Restate all the data word for word, leaving nothing out.

(Saved data entries)
┄┄┄┄┄┄

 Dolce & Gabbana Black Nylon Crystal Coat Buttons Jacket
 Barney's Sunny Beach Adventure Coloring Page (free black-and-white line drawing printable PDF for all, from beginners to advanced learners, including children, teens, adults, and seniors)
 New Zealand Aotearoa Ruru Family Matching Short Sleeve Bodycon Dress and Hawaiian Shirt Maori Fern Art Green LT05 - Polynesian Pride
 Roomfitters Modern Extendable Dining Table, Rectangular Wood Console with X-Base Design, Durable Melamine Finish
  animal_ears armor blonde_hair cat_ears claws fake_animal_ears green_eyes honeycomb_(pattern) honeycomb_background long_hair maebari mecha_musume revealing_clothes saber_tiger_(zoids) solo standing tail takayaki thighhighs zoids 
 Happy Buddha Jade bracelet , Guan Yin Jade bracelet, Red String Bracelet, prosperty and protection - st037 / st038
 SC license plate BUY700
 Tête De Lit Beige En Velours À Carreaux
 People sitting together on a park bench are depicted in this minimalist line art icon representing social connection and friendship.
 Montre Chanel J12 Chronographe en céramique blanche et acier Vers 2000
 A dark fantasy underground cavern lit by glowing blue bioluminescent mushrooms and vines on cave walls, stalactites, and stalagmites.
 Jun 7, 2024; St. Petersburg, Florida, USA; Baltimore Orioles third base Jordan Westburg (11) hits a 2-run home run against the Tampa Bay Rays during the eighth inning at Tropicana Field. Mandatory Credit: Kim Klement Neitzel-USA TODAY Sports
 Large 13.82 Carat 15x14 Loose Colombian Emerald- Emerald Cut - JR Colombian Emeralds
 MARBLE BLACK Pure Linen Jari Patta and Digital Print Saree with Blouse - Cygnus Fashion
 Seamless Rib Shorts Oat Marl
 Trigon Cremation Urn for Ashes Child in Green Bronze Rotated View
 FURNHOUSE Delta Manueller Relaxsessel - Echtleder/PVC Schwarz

┄┄┄┄┄┄

▶ **Task output**
 Dolce & Gabbana Black Nylon Crystal Coat Buttons Jacket
 Barney's Sunny Beach Adventure Coloring Page (free black-and-white line drawing printable PDF for all, from beginners to advanced learners, including children, teens, adults, and seniors)
 New Zealand Aotearoa Ruru Family Matching Short Sleeve Bodycon Dress and Hawaiian Shirt Maori Fern Art Green LT05 - Polynesian Pride
 Roomfitters Modern Extendable Dining Table, Rectangular Wood Console with X-Base Design, Durable Melamine Finish
  animal_ears armor blonde_hair cat_ears claws fake_animal_ears green_eyes honeycomb_(pattern) honeycomb_background long_hair maebari mecha_musume revealing_clothes saber_tiger_(zoids) solo standing tail takayaki thighhighs zoids 
 Happy Buddha Jade bracelet , Guan Yin Jade bracelet, Red String Bracelet, prosperty and protection - st037 / st038
 SC license plate BUY700
 Tête De Lit Beige En Velours À Carreaux
 People sitting together on a park bench are depicted in this minimalist line art icon representing social connection and friendship.
 Montre Chanel J12 Chronographe en céramique blanche et acier Vers 2000
 A dark fantasy underground cavern lit by glowing blue bioluminescent mushrooms and vines on cave walls, stalactites, and stalagmites.
 Jun 7, 2024; St. Petersburg, Florida, USA; Baltimore Orioles third base Jordan Westburg (11) hits a 2-run home run against the Tampa Bay Rays during the eighth inning at Tropicana Field. Mandatory Credit: Kim Klement Neitzel-USA TODAY Sports
 Large 13.82 Carat 15x14 Loose Colombian Emerald- Emerald Cut - JR Colombian Emeralds
 MARBLE BLACK Pure Linen Jari Patta and Digital Print Saree with Blouse - Cygnus Fashion
 Seamless Rib Shorts Oat Marl
 Trigon Cremation Urn for Ashes Child in Green Bronze Rotated View
 FURNHOUSE Delta Manueller Relaxsessel - Echtleder/PVC Schwarz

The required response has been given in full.